First off, I love the Ninjawords online dictionary, and have for some time, since I first discovered it through Wordie.

This story, however, is outrageous. The gist is that the Ninjawords developers had to remove “objectionable content” from their dictionary in order to get it published in the App Store, removing words like “ass” and “snatch.”

Take a moment to breathe that in. Apple. Censored. A dictionary.

The situation with the App Store in general seems to be showing a particularly ugly side to Apple, that I would have never expected to see so fully a year or more ago. I don’t use an iPhone, but I was happy that they came up with a model for the App Store that seemed to be so beneficial to the little guys in software development. The App Store, in theory, makes iPhone applications compete primarily on quality, not brand recognition.

But the way Apple guards its gates is madness.

Kernest

Kernest is one of the first good options for using embedded fonts in a website. Unlike projects like Cufón or sIFR, Kernest takes advantage of @font-face embedding, which is now supported by Firefox, Internet Explorer, and Safari.

One of the problems with @font-face at the moment is that Safari and Firefox support font formats like OpenType and TrueType, while Internet Explorer only supports Embedded OpenType. The usual workaround is to supply a different format depending on the requesting browser. This is exactly what Kernest takes care of for you.

Not only will it serve the right file type depending on the browser, it will only serve the font files when the request comes from a domain name tied to that particular font. Many of the current selection of fonts are free, but in order to make them available to your domain, you must activate them. Based on my brief use, this is a very simple process, requiring only a user account, and adding new domains is completely effortless.

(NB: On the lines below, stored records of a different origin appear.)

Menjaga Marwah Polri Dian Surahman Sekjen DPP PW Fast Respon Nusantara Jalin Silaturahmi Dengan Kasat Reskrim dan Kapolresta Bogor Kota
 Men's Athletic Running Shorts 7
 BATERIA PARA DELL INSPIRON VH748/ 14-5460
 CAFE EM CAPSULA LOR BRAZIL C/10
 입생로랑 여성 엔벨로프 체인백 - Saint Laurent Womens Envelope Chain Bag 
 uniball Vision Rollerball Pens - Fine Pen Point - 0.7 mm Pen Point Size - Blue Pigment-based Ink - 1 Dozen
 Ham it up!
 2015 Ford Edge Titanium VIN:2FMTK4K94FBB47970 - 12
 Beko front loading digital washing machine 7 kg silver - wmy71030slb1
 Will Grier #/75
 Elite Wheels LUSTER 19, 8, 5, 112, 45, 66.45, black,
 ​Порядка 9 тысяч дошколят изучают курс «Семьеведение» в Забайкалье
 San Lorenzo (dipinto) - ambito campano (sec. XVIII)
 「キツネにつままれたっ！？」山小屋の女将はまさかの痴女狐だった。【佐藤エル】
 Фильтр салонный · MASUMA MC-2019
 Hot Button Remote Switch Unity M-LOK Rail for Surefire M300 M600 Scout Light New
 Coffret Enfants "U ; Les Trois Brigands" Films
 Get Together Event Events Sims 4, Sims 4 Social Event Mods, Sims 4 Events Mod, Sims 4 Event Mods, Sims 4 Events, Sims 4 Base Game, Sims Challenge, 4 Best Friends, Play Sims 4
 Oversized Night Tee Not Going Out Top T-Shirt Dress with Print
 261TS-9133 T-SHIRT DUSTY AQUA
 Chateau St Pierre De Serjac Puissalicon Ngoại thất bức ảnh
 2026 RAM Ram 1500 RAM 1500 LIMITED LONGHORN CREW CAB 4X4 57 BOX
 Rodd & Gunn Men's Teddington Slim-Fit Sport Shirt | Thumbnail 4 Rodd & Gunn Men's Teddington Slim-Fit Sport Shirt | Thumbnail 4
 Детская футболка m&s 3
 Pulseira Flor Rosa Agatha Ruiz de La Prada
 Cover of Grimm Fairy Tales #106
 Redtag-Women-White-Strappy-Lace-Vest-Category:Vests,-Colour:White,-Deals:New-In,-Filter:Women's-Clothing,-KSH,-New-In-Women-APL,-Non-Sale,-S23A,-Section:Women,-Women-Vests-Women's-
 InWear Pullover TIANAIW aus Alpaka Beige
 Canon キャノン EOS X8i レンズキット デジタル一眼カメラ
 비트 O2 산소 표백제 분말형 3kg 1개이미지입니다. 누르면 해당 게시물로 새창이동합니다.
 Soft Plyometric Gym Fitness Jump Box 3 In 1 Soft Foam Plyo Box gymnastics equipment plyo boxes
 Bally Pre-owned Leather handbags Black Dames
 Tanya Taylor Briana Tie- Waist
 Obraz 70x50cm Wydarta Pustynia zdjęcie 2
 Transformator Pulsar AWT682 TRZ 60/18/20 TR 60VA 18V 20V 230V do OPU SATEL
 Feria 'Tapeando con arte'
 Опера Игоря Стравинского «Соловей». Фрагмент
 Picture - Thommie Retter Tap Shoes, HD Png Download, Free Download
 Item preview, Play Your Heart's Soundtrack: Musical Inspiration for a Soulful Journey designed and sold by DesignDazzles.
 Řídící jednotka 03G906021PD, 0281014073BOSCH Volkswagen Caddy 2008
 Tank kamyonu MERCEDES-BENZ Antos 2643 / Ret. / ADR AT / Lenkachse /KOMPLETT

After activating a font for your domain, you simply link to a stylesheet specific to your domain on their server. It is worth noting that there is no javascript involved, and this is as it should be.

I’ve been trying Kernest out for a few days now, and have found the experience very pleasant all around. I don’t know much about what TypeKit’s model will be like, whether they will have some fonts available free of charge, or if there will still be a charge for the service. If not, Kernest looks like it could be a great free alternative for projects without a budget for fonts.

And in the meantime, I highly recommend giving it a try. There are already several serviceable fonts on the site. I’m currently using Droid Serif from Ascender Corp

UPDATE: I’ve since switched to Heuristica.

Mad Men Yourself

I clearly had too much fun with this.

UPDATE: I am clearly continuing to have too much fun with this.